Masood Ahmed, Humayun Riaz-ud Din Haider, Shehzad Bashir, Zumra Mahmood, Mahnoor, Mujahid Hussain.
Perioperative antibiotic use for surgical site infection in penetrating hollow viscus injury – a placebo -controlled study.
Pak J Med Health Sci Jan ;13(4):851-4.

Background: Blunt penetrating hollow viscus injuries (HVIs) deserve empiric perioperative antibiotic use to stay away bacterial infection particularly surgical site infection (SSI) . Aim: To compare the efficacy of 5 days with 24 hours perioperative antibiotic use for SSIs in the HVIs.
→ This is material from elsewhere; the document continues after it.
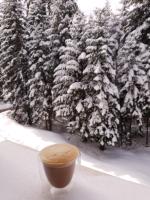 Pinewood ANG luxurious apartment A32 - Chambres d’hôtes Borovets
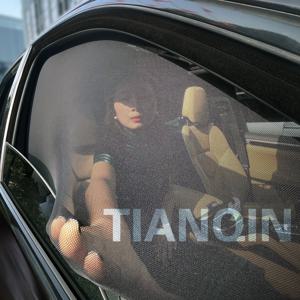 TEMU 통기성 좋은 차량 측면 창문 모기장 - 자외선 차단, 고탄성 메쉬로 개인 정보 보호 및 쉬운 설치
Place and duration: Govt Allama Iqbal and Sardar Begam Teaching hospitals; January 2018 - June 2019. Methodology: A combination of 1g sulbactam + cefoperazone and 500mg metronidazole was administered intravenously to each of the male adult (aged: 18 to 65 years) patients of penetrating HVI before (x1) and after (x3 at the interval of 8 h) of surgery. For Group A (N = 80) , the same dosing regimen was continued for next four days i.e. total 5 days while Group B (N = 79) received normal saline placebo , parallelly. Subjects were examined for any SSIs in follow up session. Results: A patient with transfusion of Packed RBCs had approximately 10 -fold (95%CI:1.663 –69.847, p =.0001) more chance of the SSI than patients without transfusion. The SSI appeared in 13 (8.2%) patients of group A and B ( 3 vs. 10 , respectively). Antibiotic susceptible S. aureus was identified in the surgical wounds of 2 (66.6%) patients of Group A while antibiotic resistant E. coli was predominant in Group B 8(80%). Conclusion: Perioperative antibiotic use for 5 days is better than 24 hours on HVI regarding incidence of SSI and bacterial isolates.